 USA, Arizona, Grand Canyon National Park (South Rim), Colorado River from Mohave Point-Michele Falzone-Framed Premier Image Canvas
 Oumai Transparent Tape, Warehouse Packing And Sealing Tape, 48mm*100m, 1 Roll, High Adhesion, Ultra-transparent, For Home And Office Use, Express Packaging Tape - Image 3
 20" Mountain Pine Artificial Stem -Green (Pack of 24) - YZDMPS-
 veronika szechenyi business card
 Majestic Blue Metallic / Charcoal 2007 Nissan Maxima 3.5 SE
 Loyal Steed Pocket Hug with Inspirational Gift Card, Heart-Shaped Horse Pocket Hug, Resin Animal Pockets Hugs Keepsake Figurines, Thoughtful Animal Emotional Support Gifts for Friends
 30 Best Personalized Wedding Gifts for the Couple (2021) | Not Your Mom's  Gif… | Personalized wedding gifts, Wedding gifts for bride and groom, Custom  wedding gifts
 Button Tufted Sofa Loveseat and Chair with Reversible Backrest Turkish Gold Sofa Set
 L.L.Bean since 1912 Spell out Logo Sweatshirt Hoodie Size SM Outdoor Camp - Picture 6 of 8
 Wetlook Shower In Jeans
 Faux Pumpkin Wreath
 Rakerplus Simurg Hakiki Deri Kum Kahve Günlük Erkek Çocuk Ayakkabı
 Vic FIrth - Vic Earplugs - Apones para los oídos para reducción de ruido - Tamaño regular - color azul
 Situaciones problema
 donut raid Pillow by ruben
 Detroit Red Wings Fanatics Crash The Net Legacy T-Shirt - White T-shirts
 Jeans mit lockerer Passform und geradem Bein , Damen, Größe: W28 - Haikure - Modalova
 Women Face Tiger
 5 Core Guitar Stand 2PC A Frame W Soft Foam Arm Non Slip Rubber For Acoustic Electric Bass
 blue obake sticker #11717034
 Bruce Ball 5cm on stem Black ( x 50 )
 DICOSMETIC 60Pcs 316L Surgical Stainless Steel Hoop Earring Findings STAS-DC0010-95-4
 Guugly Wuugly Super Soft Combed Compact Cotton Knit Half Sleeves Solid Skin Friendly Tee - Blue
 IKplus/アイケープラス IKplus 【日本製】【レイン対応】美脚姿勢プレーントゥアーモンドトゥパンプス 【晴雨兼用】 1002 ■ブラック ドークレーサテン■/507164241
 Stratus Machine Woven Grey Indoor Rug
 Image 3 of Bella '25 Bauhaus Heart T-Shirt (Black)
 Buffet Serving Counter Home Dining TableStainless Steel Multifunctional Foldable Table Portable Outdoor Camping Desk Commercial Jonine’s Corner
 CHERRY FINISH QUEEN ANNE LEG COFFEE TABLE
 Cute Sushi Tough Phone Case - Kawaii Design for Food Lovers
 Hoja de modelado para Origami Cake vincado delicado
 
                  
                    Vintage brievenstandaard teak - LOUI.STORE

# What you are asked to do:
Take the stretch of lines above from the one containing "Detroit Red Wings" through the one containing "Hoja de modelado" and repeat it exactly, adding no other line.

# Response for this exercise:
 Detroit Red Wings Fanatics Crash The Net Legacy T-Shirt - White T-shirts
 Jeans mit lockerer Passform und geradem Bein , Damen, Größe: W28 - Haikure - Modalova
 Women Face Tiger
 5 Core Guitar Stand 2PC A Frame W Soft Foam Arm Non Slip Rubber For Acoustic Electric Bass
 blue obake sticker #11717034
 Bruce Ball 5cm on stem Black ( x 50 )
 DICOSMETIC 60Pcs 316L Surgical Stainless Steel Hoop Earring Findings STAS-DC0010-95-4
 Guugly Wuugly Super Soft Combed Compact Cotton Knit Half Sleeves Solid Skin Friendly Tee - Blue
 IKplus/アイケープラス IKplus 【日本製】【レイン対応】美脚姿勢プレーントゥアーモンドトゥパンプス 【晴雨兼用】 1002 ■ブラック ドークレーサテン■/507164241
 Stratus Machine Woven Grey Indoor Rug
 Image 3 of Bella '25 Bauhaus Heart T-Shirt (Black)
 Buffet Serving Counter Home Dining TableStainless Steel Multifunctional Foldable Table Portable Outdoor Camping Desk Commercial Jonine’s Corner
 CHERRY FINISH QUEEN ANNE LEG COFFEE TABLE
 Cute Sushi Tough Phone Case - Kawaii Design for Food Lovers
 Hoja de modelado para Origami Cake vincado delicado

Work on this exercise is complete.